§ **What is being asked**:
Search the entries for the word "Premium" and return every line where it is found.

§ **Records for the exercise**:
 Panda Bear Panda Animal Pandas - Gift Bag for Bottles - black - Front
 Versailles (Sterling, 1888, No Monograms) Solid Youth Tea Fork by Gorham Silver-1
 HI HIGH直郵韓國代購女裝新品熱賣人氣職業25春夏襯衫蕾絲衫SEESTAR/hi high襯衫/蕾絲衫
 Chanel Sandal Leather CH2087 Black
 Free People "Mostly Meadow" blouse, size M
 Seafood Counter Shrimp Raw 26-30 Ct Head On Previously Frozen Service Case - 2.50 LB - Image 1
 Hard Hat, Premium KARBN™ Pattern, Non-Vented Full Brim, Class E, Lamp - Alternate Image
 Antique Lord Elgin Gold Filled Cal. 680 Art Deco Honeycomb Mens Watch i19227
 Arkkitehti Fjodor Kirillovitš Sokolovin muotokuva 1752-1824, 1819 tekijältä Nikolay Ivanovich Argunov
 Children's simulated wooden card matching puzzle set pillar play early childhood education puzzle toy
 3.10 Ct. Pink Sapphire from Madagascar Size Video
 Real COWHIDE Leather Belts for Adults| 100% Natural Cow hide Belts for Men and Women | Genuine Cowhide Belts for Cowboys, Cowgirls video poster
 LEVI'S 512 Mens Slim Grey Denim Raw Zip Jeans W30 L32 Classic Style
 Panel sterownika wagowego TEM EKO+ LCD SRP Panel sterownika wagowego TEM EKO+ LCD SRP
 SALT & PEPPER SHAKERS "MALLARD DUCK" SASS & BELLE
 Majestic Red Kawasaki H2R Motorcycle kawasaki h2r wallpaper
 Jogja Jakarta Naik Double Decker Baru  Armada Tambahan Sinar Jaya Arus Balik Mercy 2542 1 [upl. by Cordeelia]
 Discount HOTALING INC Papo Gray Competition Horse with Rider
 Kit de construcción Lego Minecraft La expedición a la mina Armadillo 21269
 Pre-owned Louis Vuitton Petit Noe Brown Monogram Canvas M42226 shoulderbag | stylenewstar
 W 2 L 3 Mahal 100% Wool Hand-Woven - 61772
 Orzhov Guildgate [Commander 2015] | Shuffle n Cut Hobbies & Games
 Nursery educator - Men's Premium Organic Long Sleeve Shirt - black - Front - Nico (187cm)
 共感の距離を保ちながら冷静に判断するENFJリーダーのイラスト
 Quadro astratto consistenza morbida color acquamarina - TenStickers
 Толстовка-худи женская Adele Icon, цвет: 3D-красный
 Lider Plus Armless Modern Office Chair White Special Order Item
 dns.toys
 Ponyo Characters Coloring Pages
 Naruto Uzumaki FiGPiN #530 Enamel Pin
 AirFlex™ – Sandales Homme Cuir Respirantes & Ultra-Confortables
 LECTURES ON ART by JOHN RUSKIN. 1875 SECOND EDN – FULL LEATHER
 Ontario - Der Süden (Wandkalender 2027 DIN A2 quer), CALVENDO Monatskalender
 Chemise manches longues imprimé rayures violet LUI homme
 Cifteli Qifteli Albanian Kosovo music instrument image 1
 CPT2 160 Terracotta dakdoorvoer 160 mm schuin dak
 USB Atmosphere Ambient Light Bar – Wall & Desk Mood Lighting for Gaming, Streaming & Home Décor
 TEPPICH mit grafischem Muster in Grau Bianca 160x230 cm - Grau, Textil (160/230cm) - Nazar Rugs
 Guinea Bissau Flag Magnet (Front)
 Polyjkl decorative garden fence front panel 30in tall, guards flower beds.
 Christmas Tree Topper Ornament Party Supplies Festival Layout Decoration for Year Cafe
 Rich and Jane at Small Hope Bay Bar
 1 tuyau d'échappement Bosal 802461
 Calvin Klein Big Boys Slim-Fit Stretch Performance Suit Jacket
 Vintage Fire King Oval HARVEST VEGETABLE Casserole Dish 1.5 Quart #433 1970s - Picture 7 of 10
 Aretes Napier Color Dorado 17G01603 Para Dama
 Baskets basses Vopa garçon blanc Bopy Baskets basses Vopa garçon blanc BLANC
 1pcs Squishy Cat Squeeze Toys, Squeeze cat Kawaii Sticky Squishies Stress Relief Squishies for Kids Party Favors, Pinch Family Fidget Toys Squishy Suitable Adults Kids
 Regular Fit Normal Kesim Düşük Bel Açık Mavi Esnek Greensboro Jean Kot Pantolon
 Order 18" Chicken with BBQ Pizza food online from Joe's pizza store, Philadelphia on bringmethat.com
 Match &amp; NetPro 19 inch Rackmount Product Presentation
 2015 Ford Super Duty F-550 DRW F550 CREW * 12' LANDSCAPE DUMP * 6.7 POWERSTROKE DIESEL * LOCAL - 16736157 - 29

§ **Your solution**:
 Hard Hat, Premium KARBN™ Pattern, Non-Vented Full Brim, Class E, Lamp - Alternate Image
 Nursery educator - Men's Premium Organic Long Sleeve Shirt - black - Front - Nico (187cm)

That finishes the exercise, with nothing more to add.